How to complete this task —
Transcribe nothing except the lines below that run from the one with "Wedang Jahe, Bablas Angine" to the one with "Audi A6 Sportback e-Tron", ends included, and do not copy any picture.

*-*-*

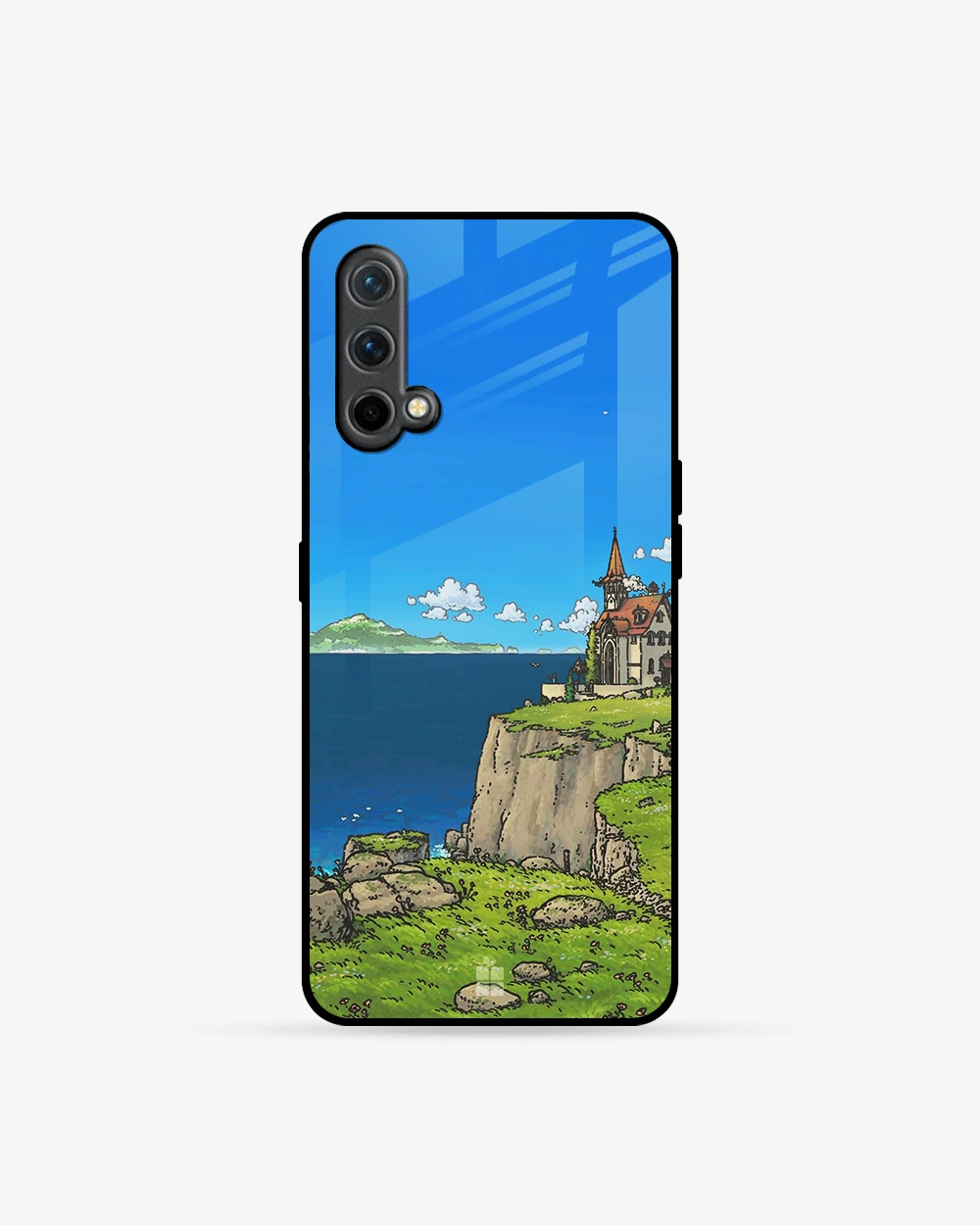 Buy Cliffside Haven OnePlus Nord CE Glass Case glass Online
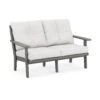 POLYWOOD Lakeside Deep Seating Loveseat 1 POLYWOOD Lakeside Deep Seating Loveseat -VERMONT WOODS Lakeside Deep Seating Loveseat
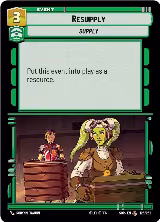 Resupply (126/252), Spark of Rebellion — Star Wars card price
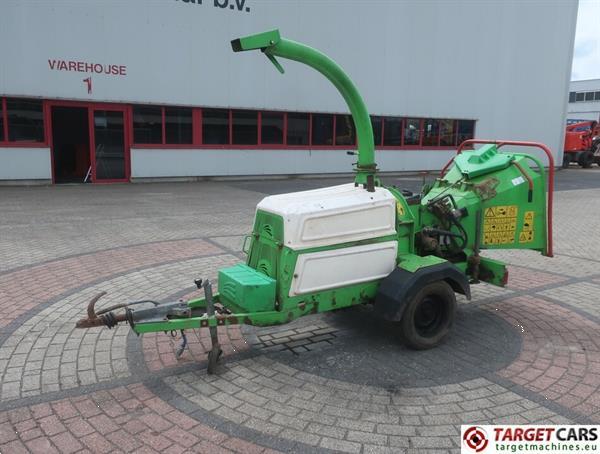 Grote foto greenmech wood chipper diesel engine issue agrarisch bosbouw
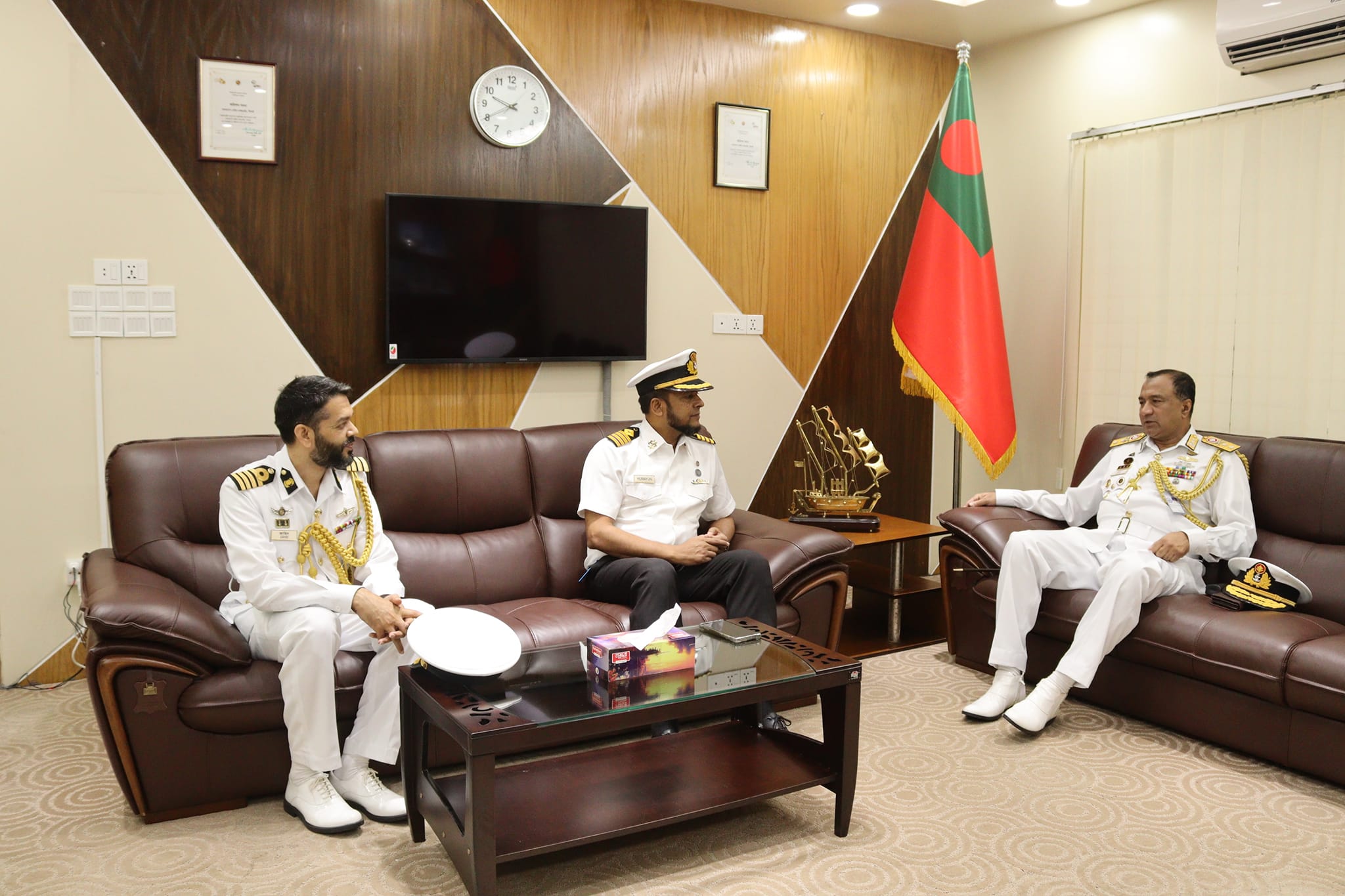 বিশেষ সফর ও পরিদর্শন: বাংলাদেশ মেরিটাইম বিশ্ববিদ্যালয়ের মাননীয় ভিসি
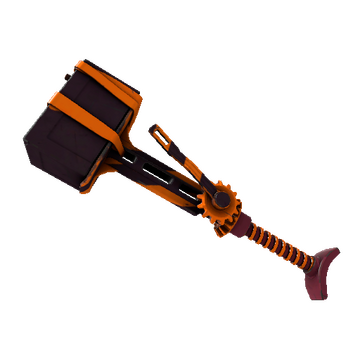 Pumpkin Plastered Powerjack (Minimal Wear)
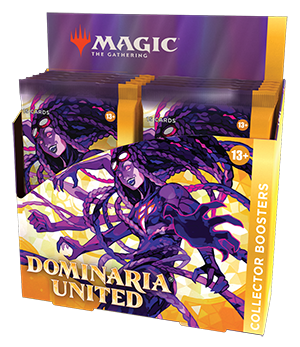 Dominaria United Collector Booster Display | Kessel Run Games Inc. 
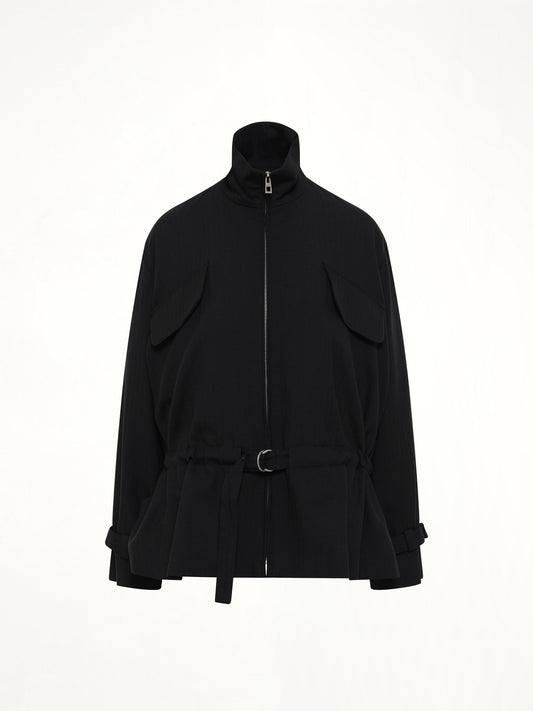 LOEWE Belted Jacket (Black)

*-*-*

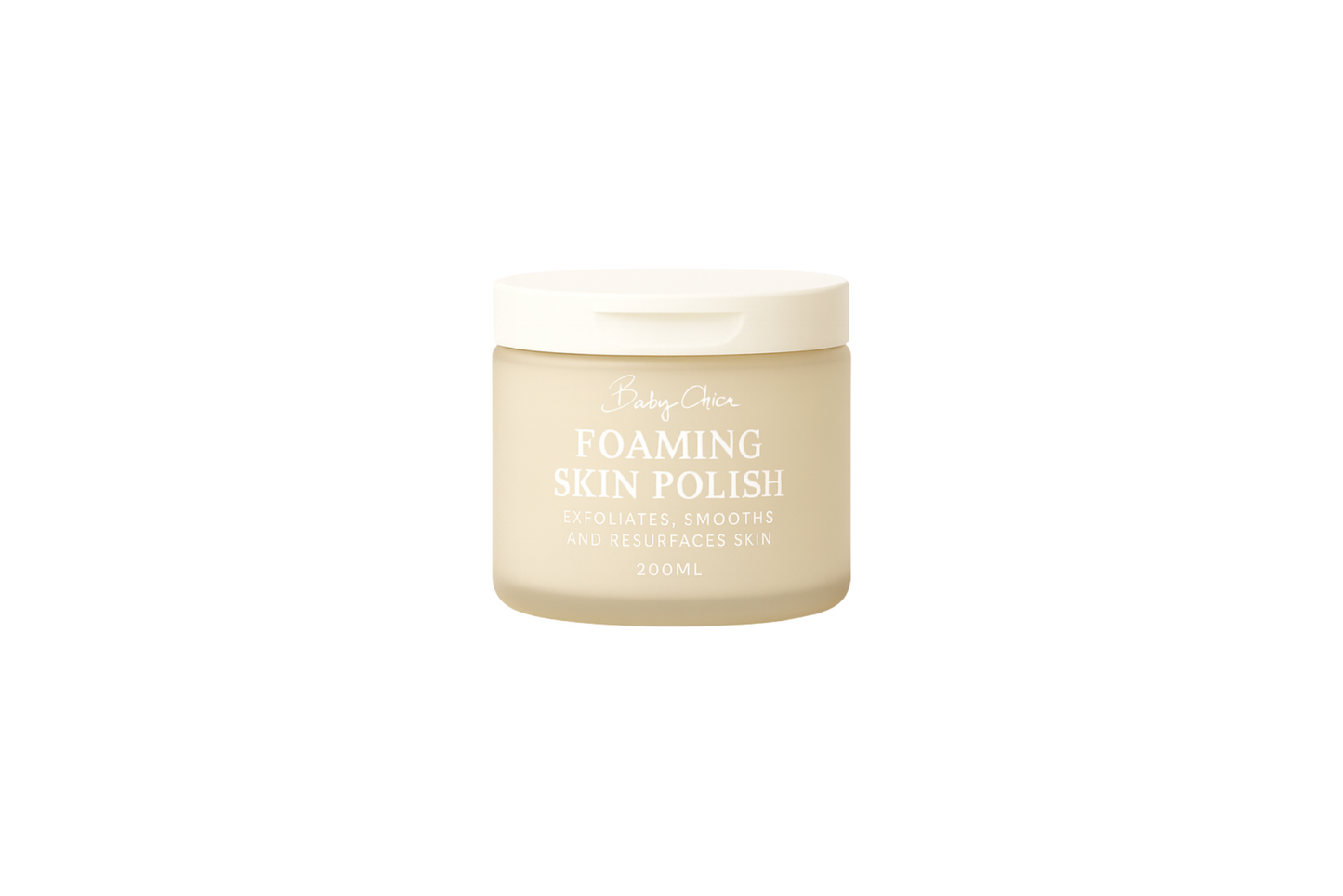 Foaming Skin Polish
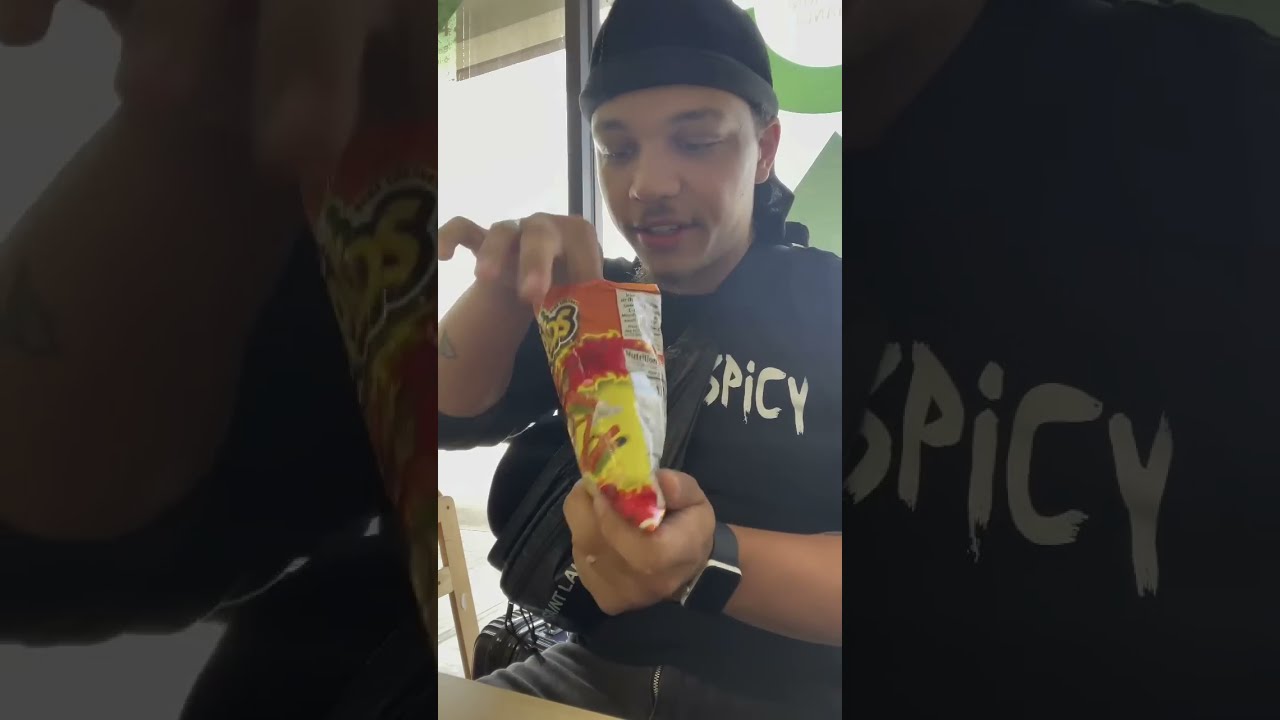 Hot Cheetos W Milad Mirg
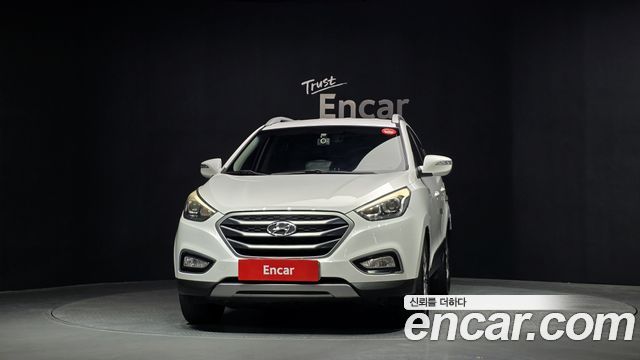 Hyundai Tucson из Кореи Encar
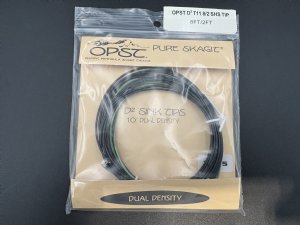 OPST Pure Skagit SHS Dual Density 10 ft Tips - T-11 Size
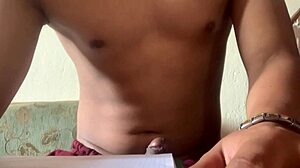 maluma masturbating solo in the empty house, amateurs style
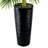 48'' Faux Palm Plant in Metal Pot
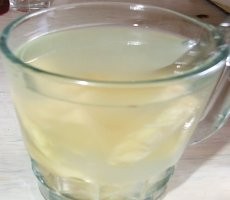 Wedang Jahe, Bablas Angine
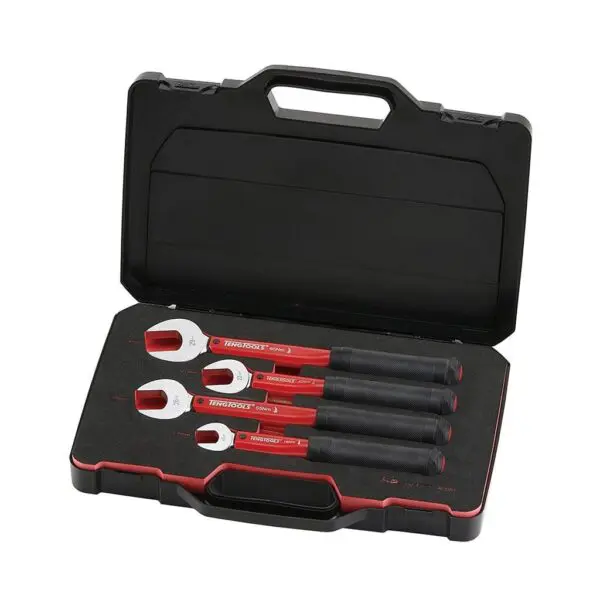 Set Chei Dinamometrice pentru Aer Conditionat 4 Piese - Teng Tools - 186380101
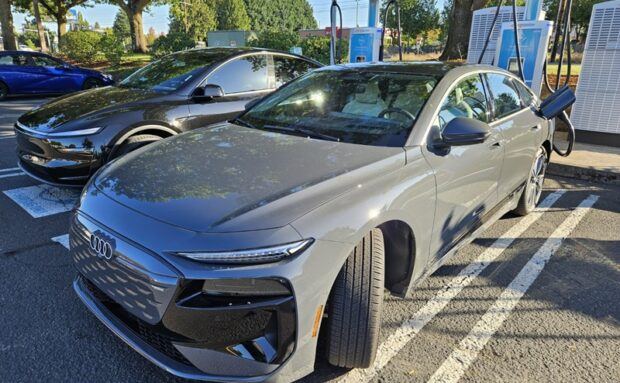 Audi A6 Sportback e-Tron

*-*-*

Finished exercise —
 Wedang Jahe, Bablas Angine
 Set Chei Dinamometrice pentru Aer Conditionat 4 Piese - Teng Tools - 186380101
 Audi A6 Sportback e-Tron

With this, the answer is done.